### [Problem details]
Scan the data below. Pull out each line where "plate" occurs.

### [Extracted data]
•••

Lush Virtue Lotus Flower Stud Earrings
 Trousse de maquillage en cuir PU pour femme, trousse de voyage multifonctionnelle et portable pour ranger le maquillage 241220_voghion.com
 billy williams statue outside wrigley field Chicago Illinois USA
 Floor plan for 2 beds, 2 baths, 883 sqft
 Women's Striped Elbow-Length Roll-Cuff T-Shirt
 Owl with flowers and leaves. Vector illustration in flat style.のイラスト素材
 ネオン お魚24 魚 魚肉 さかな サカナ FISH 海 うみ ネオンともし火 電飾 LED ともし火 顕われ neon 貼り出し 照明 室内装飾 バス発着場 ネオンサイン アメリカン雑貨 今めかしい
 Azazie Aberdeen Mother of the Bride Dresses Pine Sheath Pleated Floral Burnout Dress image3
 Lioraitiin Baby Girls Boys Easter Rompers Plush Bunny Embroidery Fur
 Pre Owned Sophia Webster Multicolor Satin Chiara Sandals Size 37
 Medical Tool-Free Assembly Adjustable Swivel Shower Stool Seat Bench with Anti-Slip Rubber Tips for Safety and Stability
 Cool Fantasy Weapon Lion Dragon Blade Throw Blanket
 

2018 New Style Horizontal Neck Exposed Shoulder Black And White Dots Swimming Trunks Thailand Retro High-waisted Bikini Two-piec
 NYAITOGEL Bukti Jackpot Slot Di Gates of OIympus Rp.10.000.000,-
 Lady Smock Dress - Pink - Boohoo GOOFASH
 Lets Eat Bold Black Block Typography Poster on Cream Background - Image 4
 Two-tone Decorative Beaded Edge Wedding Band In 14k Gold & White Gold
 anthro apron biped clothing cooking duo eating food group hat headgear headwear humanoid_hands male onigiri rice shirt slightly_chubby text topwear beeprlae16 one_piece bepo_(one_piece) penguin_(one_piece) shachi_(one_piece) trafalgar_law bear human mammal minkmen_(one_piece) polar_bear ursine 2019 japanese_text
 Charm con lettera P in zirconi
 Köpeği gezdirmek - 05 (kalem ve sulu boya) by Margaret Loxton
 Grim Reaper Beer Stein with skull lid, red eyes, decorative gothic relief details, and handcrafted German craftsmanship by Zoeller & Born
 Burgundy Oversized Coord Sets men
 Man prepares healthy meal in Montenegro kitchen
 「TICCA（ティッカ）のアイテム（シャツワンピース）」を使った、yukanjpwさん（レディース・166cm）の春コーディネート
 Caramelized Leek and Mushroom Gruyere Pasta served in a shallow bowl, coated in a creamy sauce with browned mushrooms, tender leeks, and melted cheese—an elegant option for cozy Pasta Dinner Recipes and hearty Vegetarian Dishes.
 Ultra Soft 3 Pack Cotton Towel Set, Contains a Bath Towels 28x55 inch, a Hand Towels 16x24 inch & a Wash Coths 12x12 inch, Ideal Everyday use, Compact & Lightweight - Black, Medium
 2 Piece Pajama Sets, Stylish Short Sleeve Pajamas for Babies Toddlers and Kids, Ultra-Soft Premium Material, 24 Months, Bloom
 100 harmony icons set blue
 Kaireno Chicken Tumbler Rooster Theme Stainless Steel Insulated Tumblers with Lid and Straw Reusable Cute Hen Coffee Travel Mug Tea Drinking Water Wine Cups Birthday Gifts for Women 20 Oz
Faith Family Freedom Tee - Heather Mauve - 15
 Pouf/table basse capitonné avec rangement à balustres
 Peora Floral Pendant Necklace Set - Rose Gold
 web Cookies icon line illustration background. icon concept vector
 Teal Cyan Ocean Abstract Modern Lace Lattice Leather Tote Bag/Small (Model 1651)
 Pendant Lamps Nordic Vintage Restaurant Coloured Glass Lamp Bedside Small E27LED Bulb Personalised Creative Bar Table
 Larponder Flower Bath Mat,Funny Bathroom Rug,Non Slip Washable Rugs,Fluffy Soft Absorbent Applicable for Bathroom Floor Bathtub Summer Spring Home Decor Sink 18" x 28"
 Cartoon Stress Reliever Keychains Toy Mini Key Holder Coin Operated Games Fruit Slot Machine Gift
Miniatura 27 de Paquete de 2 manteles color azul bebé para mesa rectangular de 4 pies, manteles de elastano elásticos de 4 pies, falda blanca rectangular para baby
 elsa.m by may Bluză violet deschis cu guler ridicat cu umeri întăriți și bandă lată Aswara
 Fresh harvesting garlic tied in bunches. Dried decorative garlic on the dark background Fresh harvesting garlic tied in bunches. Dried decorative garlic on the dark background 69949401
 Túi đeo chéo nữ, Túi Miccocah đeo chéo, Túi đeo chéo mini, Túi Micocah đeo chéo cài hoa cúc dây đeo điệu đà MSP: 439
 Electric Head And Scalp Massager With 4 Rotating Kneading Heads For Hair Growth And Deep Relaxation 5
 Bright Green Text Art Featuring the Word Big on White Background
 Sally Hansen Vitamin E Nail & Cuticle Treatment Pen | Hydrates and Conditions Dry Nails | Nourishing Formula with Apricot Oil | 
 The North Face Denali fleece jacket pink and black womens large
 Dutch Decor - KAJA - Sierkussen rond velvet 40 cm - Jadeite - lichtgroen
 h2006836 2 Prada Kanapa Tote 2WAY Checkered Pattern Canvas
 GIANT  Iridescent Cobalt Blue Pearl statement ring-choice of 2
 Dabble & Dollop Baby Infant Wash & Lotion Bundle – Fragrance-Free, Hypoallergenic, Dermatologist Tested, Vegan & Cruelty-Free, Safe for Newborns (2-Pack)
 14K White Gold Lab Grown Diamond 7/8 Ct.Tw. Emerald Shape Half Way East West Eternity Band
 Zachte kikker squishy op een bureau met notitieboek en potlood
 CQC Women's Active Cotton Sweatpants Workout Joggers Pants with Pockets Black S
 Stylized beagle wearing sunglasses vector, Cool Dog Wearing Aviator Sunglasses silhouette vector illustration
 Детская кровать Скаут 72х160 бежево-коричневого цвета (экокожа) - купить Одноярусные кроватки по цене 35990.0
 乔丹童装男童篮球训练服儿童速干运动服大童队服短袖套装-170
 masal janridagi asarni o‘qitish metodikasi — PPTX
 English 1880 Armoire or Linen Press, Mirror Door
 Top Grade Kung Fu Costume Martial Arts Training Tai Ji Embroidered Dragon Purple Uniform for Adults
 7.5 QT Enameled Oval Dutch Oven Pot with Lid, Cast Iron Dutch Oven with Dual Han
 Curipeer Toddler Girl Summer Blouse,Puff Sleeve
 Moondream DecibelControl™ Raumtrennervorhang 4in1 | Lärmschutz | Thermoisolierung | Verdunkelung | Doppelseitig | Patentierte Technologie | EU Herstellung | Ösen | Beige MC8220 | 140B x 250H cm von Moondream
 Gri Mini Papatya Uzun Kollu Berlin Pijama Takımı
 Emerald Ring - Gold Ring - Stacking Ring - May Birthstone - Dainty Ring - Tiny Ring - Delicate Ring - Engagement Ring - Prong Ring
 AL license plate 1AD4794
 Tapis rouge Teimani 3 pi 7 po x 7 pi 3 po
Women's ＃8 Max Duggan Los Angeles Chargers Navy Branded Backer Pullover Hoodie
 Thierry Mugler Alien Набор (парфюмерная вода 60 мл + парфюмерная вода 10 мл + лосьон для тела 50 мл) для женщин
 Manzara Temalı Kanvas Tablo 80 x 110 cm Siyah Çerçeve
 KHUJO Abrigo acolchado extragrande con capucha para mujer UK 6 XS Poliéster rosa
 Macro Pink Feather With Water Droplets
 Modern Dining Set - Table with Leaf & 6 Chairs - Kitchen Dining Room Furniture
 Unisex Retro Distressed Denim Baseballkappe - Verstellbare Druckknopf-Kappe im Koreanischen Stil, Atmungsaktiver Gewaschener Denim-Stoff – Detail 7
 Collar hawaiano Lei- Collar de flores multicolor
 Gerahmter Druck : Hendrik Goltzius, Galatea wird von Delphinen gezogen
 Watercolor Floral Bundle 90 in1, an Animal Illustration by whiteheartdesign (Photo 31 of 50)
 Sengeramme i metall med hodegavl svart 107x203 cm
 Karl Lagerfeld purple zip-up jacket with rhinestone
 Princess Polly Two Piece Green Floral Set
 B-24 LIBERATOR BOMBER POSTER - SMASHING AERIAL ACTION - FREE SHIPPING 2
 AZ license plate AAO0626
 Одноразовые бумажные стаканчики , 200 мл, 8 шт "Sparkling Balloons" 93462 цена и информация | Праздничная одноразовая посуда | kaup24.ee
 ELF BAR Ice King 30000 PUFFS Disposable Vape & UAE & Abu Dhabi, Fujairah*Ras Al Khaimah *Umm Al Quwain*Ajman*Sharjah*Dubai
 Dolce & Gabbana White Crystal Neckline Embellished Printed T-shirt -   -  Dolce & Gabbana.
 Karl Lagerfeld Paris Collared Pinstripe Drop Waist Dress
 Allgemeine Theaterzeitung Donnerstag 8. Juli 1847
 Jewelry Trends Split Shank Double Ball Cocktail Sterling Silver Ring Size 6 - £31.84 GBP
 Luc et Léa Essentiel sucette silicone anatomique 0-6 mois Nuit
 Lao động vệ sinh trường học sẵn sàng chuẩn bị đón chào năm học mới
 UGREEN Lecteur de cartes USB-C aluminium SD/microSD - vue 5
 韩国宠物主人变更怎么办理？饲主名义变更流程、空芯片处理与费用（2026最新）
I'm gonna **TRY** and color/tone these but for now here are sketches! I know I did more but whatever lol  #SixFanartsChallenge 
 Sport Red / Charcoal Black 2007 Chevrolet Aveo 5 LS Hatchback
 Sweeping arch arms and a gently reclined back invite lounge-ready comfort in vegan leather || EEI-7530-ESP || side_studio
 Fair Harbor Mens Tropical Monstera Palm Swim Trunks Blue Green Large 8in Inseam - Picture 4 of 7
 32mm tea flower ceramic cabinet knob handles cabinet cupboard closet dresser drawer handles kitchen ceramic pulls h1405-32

•••

### [Exercise output]
 AL license plate 1AD4794
 AZ license plate AAO0626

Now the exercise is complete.